Viewer, beware: Film and video can differ

You've read the book, seen the play, and worn the T-shirt. Now catch the movie. But which version?

Increasingly, movies are becoming available to viewers in more than one version. Spurring the trend are two developments on the theatrical and home-video fronts:

A recent burst of film salvaging and restoration has resulted in newly reconstructed editions of old films. These exist side-by-side with incomplete versions that have long been accepted as complete.

Merchants of video movies sometimes replace material deleted from theatrical prints of a film. The cassette version may thus be longer - and notably different - from the wide-screen version shown a few months earlier.

Most salvaging of old movies is done by experts who insist on being faithful to the director's intentions. Abel Gance's epic ``Napoleon,'' reconstructed by Thames Silents of England, and Erich von Stroheim's romantic ``Queen Kelly,'' restored by Kino International of New York, are examples of pictures that existed only in fragmented forms for many years, but can now be seen pretty much as their makers intended.

An enlarged video edition of a film may likewise be truer to the director's intent than the version shown theatrically - but for different reasons. Video merchandisers are free of pressure to keep the ``running time'' short so more movie-house screenings can squeezed into a day. And they're less concerned about ratings (including the notorious ``X'' tag) than theatrical distributors are. So they tend to be more liberal about releasing movies in their originally intended forms.

``Heaven's Gate'' is a dramatic example of a movie with two very different lives. A long and self-consciously ``artistic'' western directed by Michael Cimino, it was pulled from the screen within days of its theatrical release after getting murderously bad reviews. Later it was issued in a drastically shortened form that also flopped. Its video edition contains all the footage of the first version, thus preserving Cimino's vision - and leaving viewers free to fast-forward through the dull spots, a luxury that theaters can't provide.

Another example is Sergio Leone's crime epic, ``Once Upon a Time in America,'' which was given an enormous trim (1 hours) by its American distributor in hopes of avoiding a disaster along ``Heaven's Gate'' lines. Once again, the cassette edition serves up the whole picture, for better or worse. ``The Wild Bunch,'' by Sam Peckinpah, and ``Dressed to Kill,'' be Brian De Palma, are other films-on-video that reputedly include material not seen in theaters. Ditto for ``Angel Heart,'' which was trimmed by 10 seconds just before its release to dodge an X rating - prompting a public outburst on the subject of ``artistic integrity'' from Alan Parker, its director, who presumably prefers the more complete cassette version.

When archivists and technicians seek to restore old movies for theatrical as well as video exhibition, their struggle is usually against the disintegration that takes place when old-fashioned ``nitrate'' film is carelessly stored.
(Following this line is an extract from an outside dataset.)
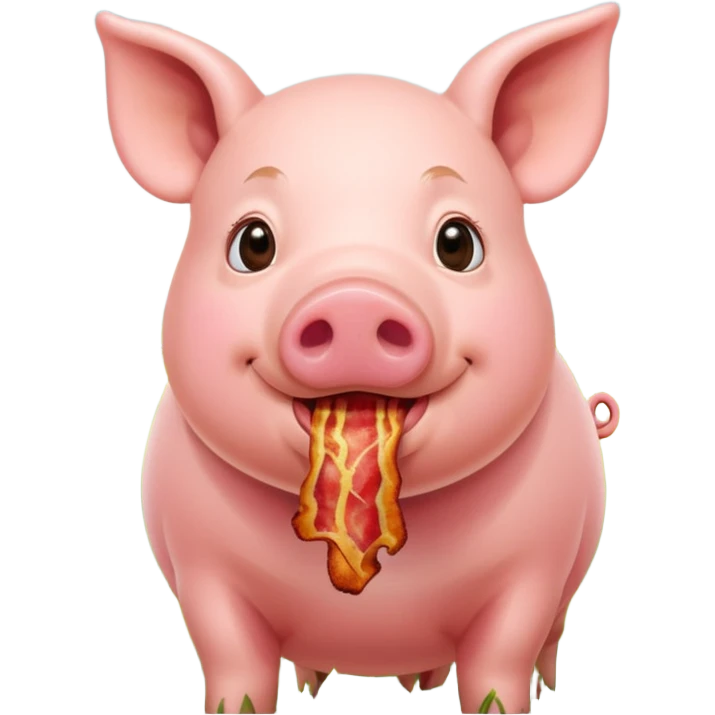 Pig eating bacon on a farm emoji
Salvagers search for lost or overlooked prints (in storage vaults, private collections, and other places) that may contain footage lost from all known copies.

In other cases, however, archivists and scholars seek to replace material deliberately omitted from the film by studio bosses or exhibitors. One example is the Judy Garland movie ``A Star Is Born,'' directed by George Cukor in 1954. This long but colorful picture was originally launched in a flashy ``road-show'' engagement (major cities, reserved seats) and received fine reviews. But soon afterward, the Warner Bros. studio trimmed it to suit conventional theater schedules, and then trimmed it again before sending it to neighborhood movie houses. Not until 1983 was the full version reconstructed by admirers, who had to fall back on still photos in a few scenes where footage was not only deleted but actually destroyed - by the movie's own studio.
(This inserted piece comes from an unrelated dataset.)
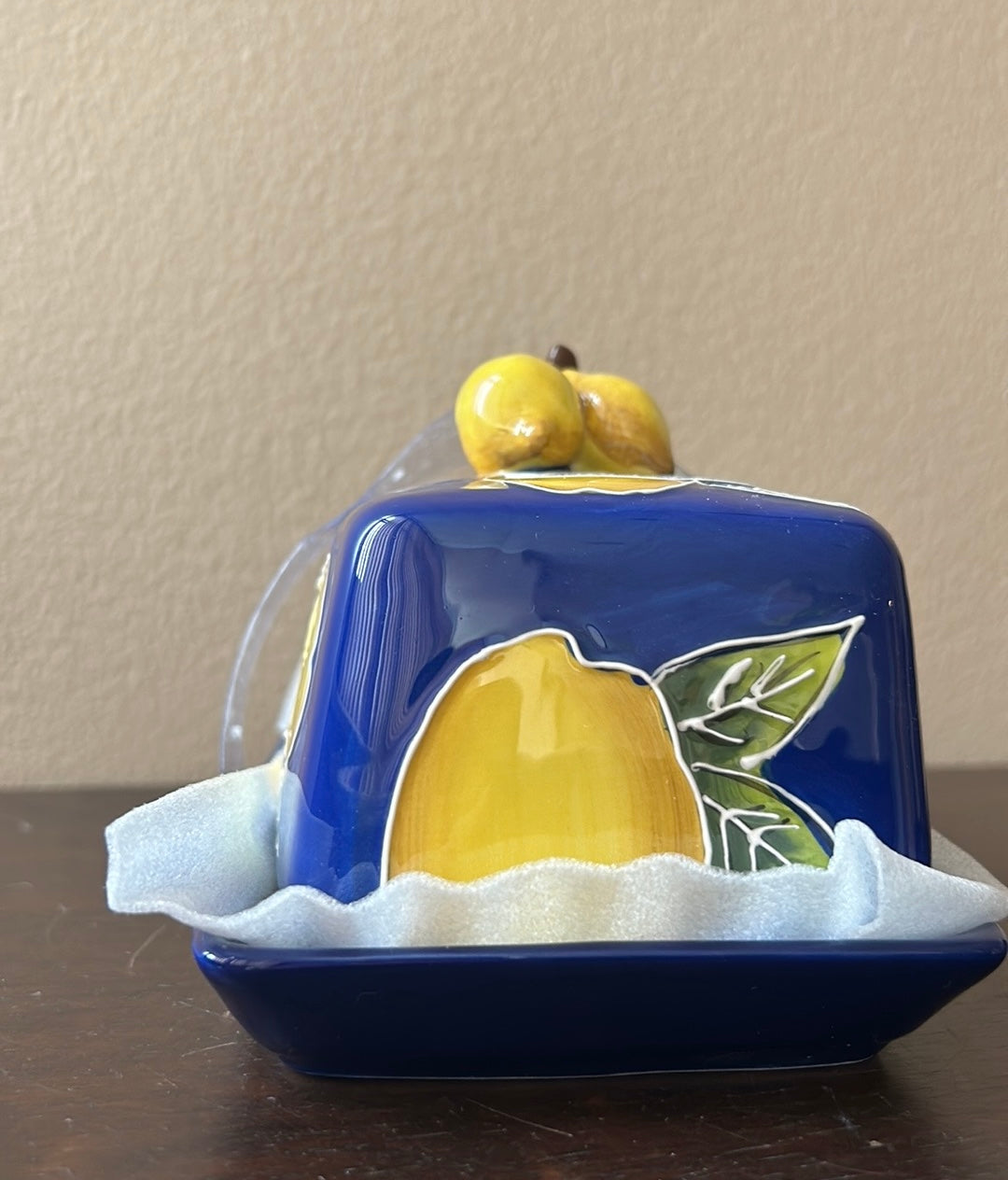 New Blue Sky Clayworks Heather Goldminc Covered Ceramic Butter Dish Lemon Blue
A different sort of example is Orson Welles's melodrama ``Touch of Evil,'' cut in 1958 by Universal-International to eliminate an assault scene that was considered too gamy. The missing footage was replaced in the 1970s.

What's unusual about these films and their video-transferred cousins is that they now exist in more than one form - rather like operas that have wildly different lengths depending on whether the conductor observes traditional ``cuts,'' or whether a supplementary ballet is included.

Unwary spectators may think they're in for one viewing experience and instead be socked with another. The buyer, of tickets and cassettes alike, has reason to beware.